Le jour du vote approche à Montréal avec un ordre du jour chargé pour les électeurs : sécurité publique, vie de quartier, transports collectifs, espaces verts, économie, environnement, propreté, déneigement, stationnement, habitation, taxes… ouf… et j’en passe. Et comme si ça ne suffisait pas, en amont du programme des partis, le degré de confiance que nous inspire un candidat joue un rôle décisif dans notre choix. Je me pose donc la question de savoir si Denis Coderre passe le test. Je pense à lui parce que j’ai des doutes à son sujet.

Une enquête du Journal de Montréal nous a appris récemment qu’Antoine Richard, le candidat à la mairie de l’arrondissement de Verdun pour le parti Ensemble Montréal – Équipe Denis Coderre, est un spéculateur foncier doublé du titre d’agent immobilier dont il se sert pour saisir des occasions de réaliser des flips. Être agent immobilier et conseiller municipal simultanément, comme l’était Michael Applebaum, maire déchu de triste mémoire, devrait être formellement interdit par la loi. Le cumul de ces rôles présente toutes les apparences du conflit d’intérêts.

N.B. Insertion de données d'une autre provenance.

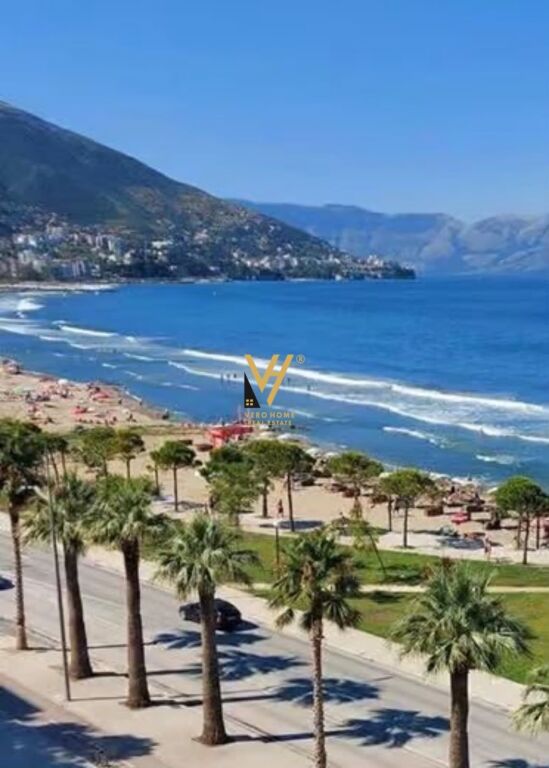 BUSINESS PREMISES FOR SALE 361 M2 LUNGOMARE, VLORE 465,000 EURO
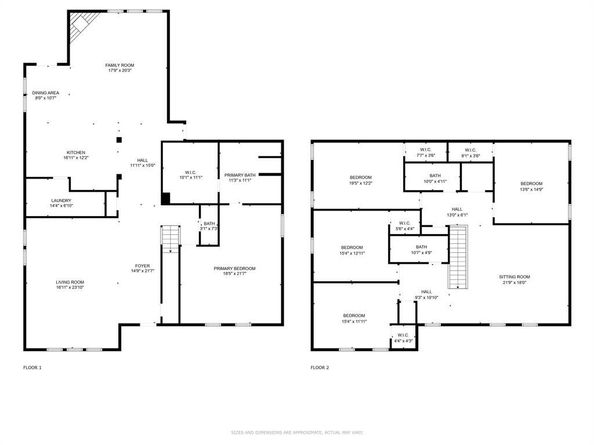 2828  Amber Waves Lane , Lancaster Texas 75134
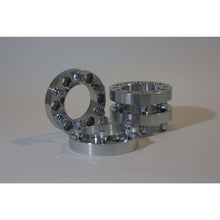 WIEL SPACERS (4st) 30 MM TOYOTA HILUX, LANDCRUISER 106.1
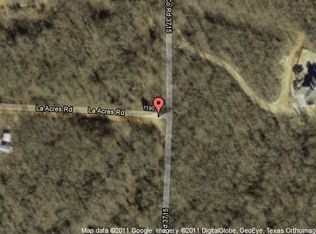 801 La Acres, Athens, TX 75752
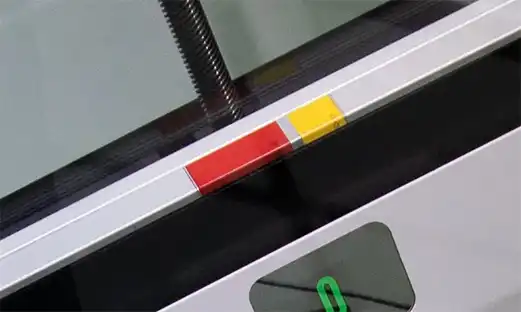 Ανελκυστήρες Cibes Air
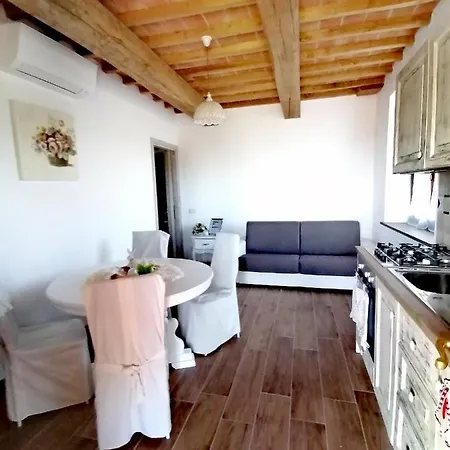 Agriturismo Montecrespini Saturnia Room photo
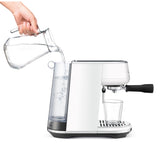 Sage The Bambino Coffee Machine In Sea Salt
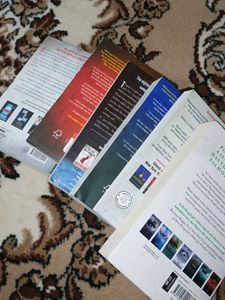 Freida McFadden &amp; Tahereh Mafi Book Bundle
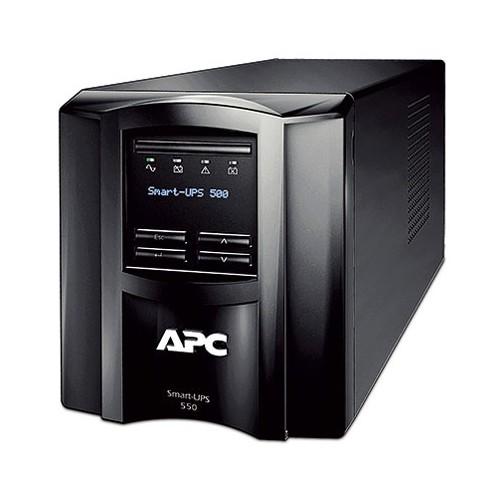 APC Smart-UPS 500 LCD 100V 無停電電源装置 500VA Smart-UPS｜aprice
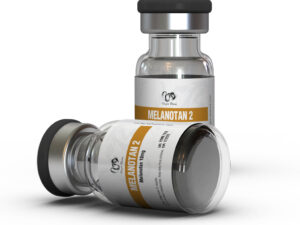 Melanotan 2 Dragon Pharma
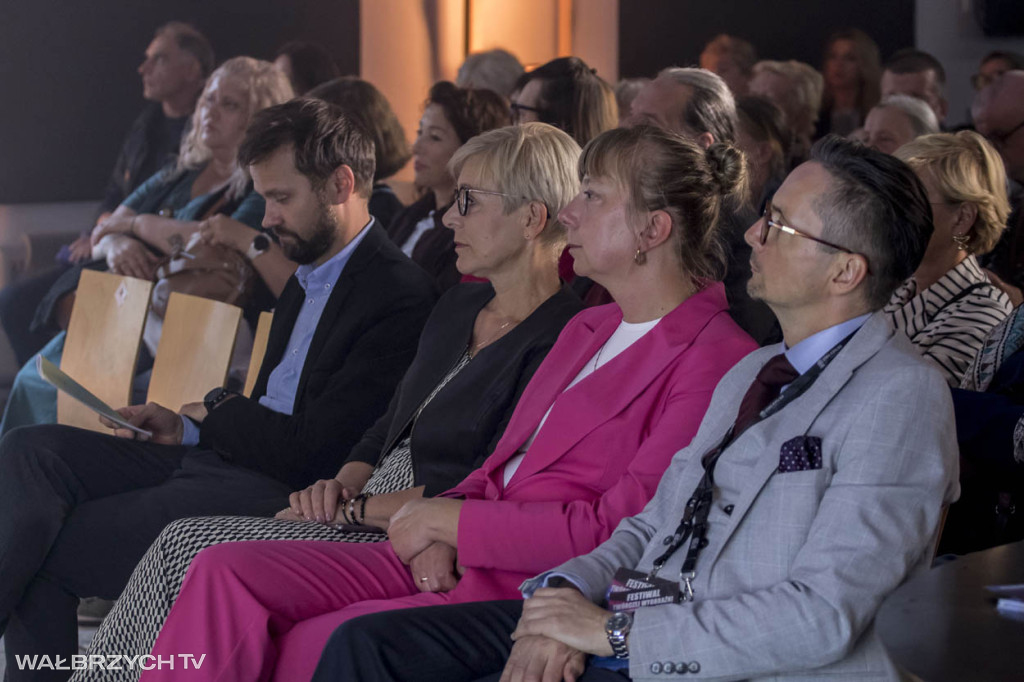 Inauguracja IV Festiwalu Twórczej Wyobraźni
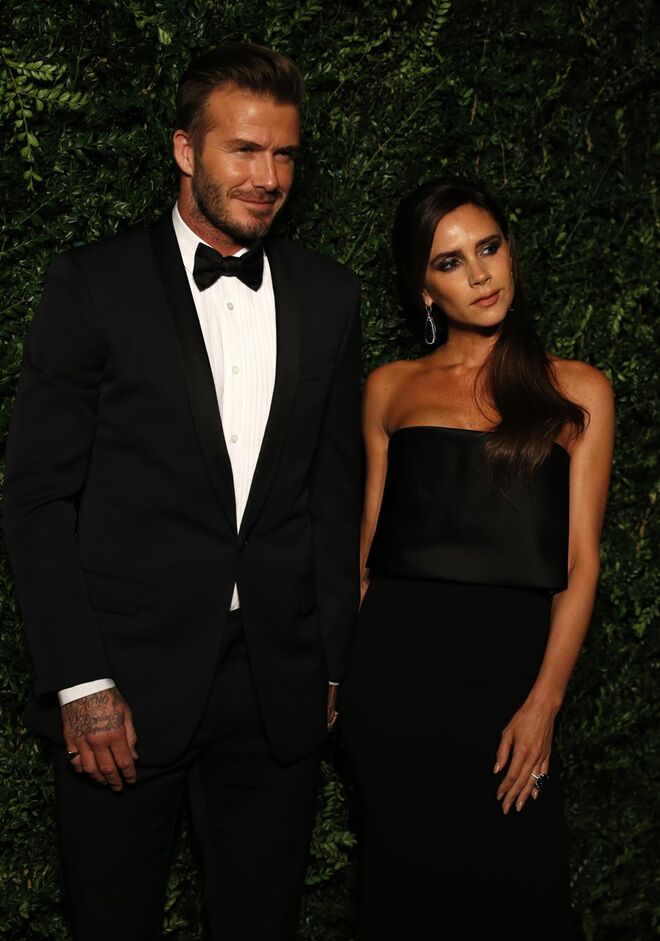 No Evening Standard Theatre Awards, a 30 de novembro de 2014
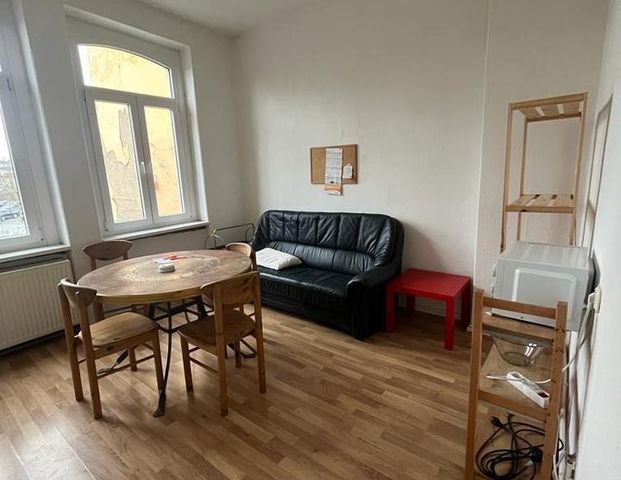 Wg Zimmer in 3er Wg - Photo 1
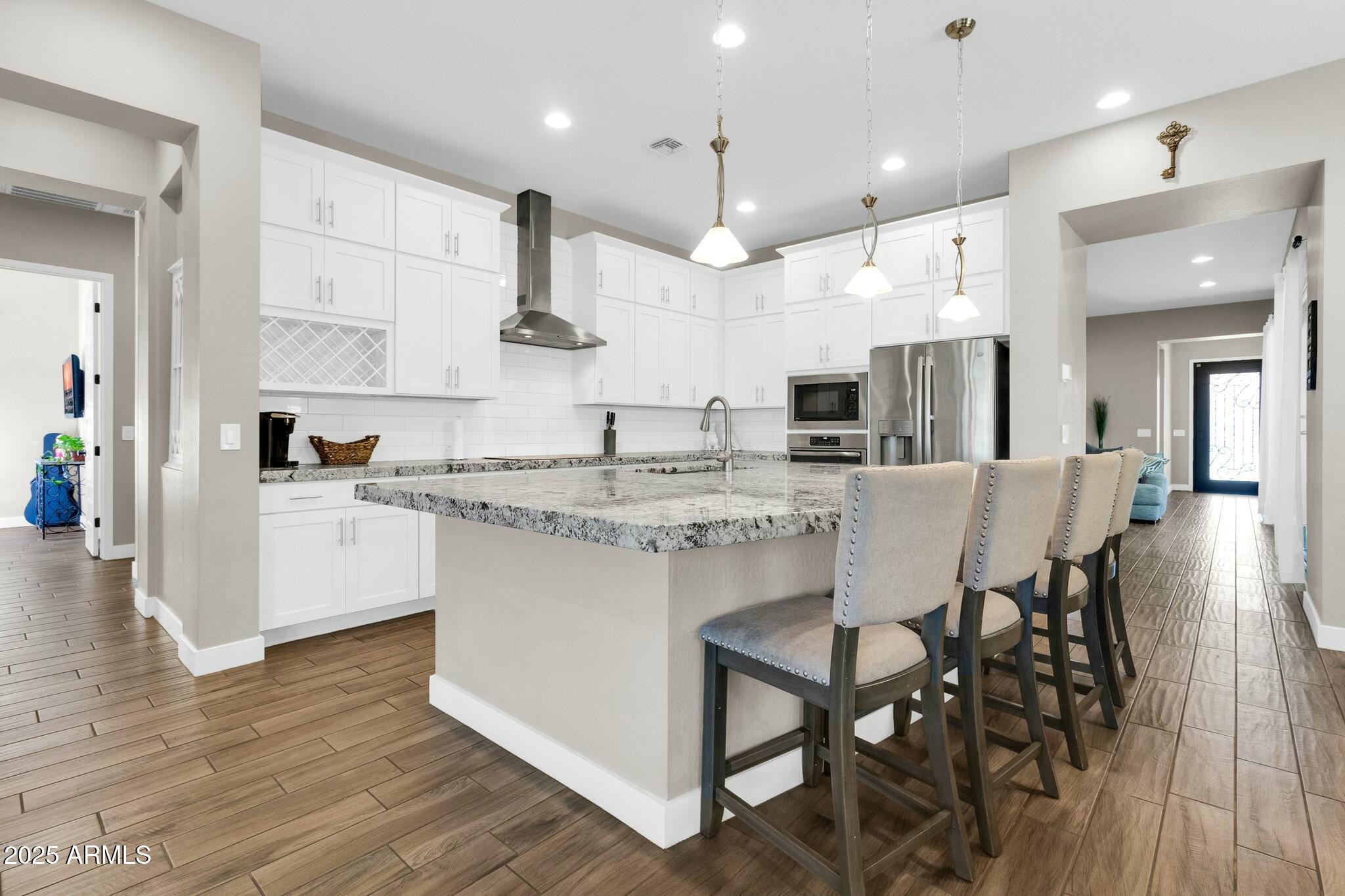 4342 E RONALD Street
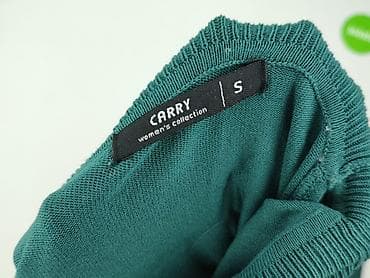 Sukienki: Carry, Sukienka damska, rozmiar S — 4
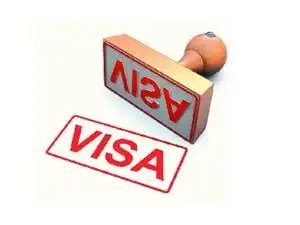 Biometrics mandatory for short-time visa to Schengen states - The ...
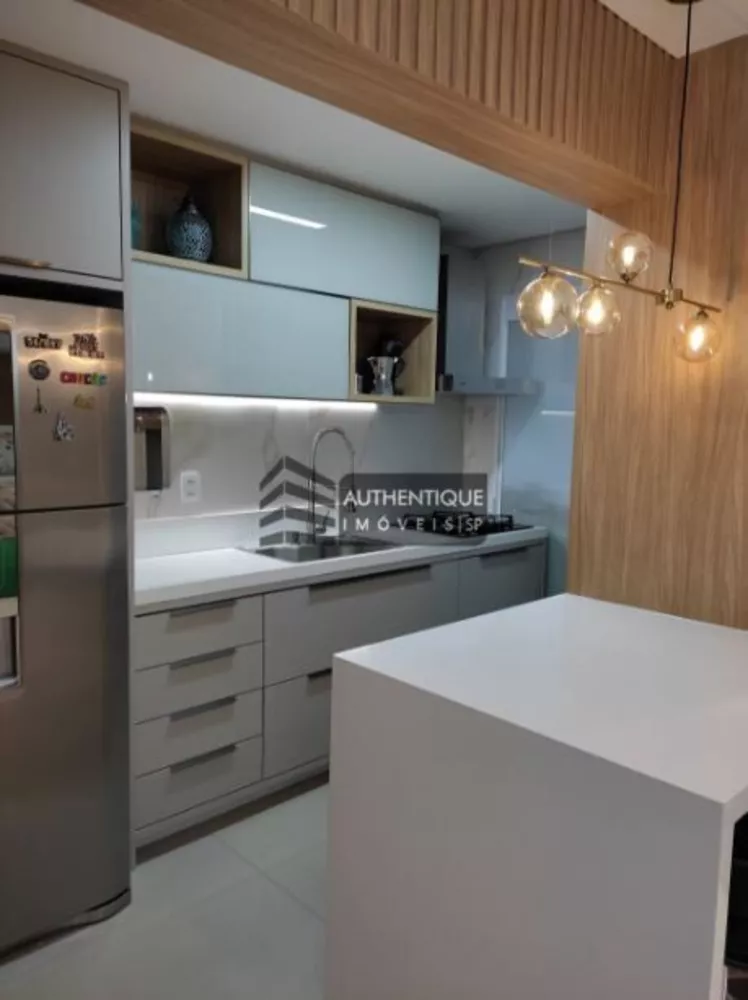 Apartamento à venda com 2 quartos, 76m² - Foto 7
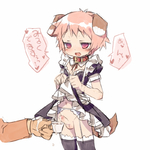post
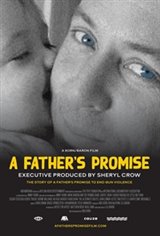 A Father's Promise Movie Poster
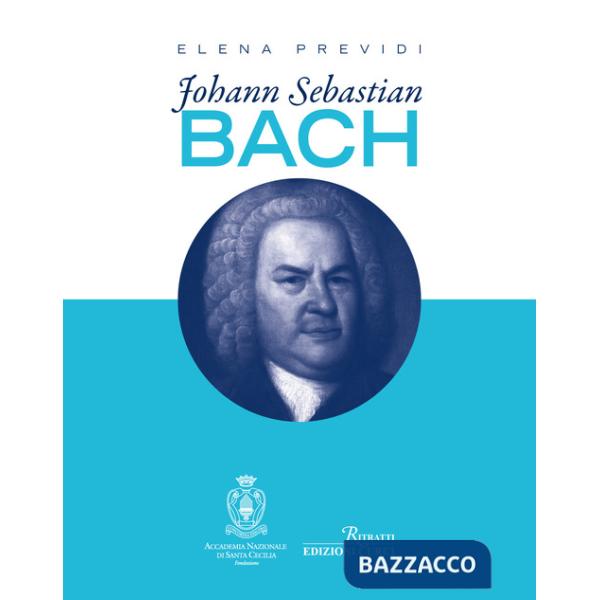 Johann Sebastian Bach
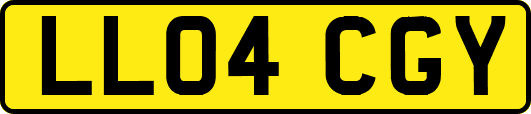 LL04CGY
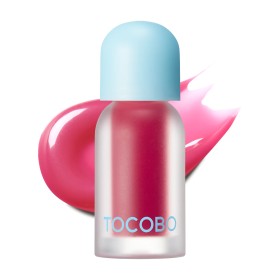 TOCOBO JUICY BERRY PLUMPING LIP 02 BERRY BRANDY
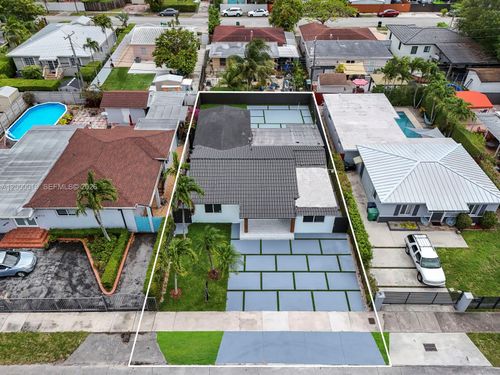 6540 Sw 25th St, Miami, FL, 33155-2943 | Card Image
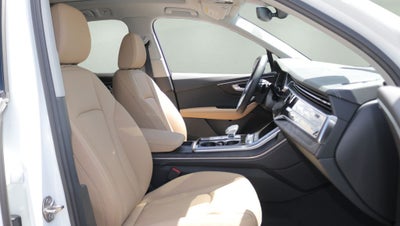 2026 Audi Q7 45 Premium Plus quattro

PHOTO MARTIN CHAMBERLAND, LA PRESSE

Antoine Richard, candidat d’Ensemble Montréal – Équipe Denis Coderre

Le code d’éthique et de conduite des membres du conseil de la Ville de Montréal stipule qu’il est du devoir de chacun de ses membres d’éviter les conflits d’intérêts, même apparents ou potentiels. Il va sans dire qu’un maire d’arrondissement détient une foule d’informations privilégiées concernant les immeubles situés dans son arrondissement, qu’ils soient de propriété publique ou privée.

M. Richard saurait-il distinguer l’intérêt public que doit défendre un maire des intérêts privés que recherche tout naturellement un agent immobilier ?

C’est la question qui se pose parce que c’est là que réside le conflit d’intérêts apparent et potentiel que le code d’éthique veut prévenir. Denis Coderre ne voit pas le problème. Loin de désavouer son candidat, il lui réitère toute sa confiance.

Je serais curieux de savoir si Denis Coderre envisagerait de nommer un agent immobilier, quel qu’il soit, au comité exécutif de la Ville de Montréal s’il devenait maire de nouveau, sinon comment expliquer qu’il juge acceptable qu’un maire d’arrondissement puisse l’être ? Quelle compréhension Denis Coderre a-t-il du rôle d’un maire d’arrondissement à Montréal ? L’arrondissement de Verdun a une population de près de 70 000 habitants, nettement plus que la population de Granby, de Rimouski ou de Shawinigan, par exemple.

Des affairistes ?

Le cas de Demetra Kostarides, qui est candidate au poste de conseillère municipale dans Côte-des-Neiges pour le parti Ensemble Montréal, est tout aussi troublant. Mme Kostarides est liée à un scandale financier pour avoir été une dirigeante d’une firme de placements financiers condamnée pour avoir arnaqué des épargnants. Qui plus est, le véritable nom de Mme Kostarides est Kostaredes. Selon Finance et investissement, un journal financier québécois qui s’adresse aux professionnels du placement, « c’est ce changement dans la graphie de son nom qui aurait trompé la vigilance du personnel de la Chambre de la sécurité financière (CSF) ». Mme Kostarides fait maintenant l’objet d’une enquête de la CSF.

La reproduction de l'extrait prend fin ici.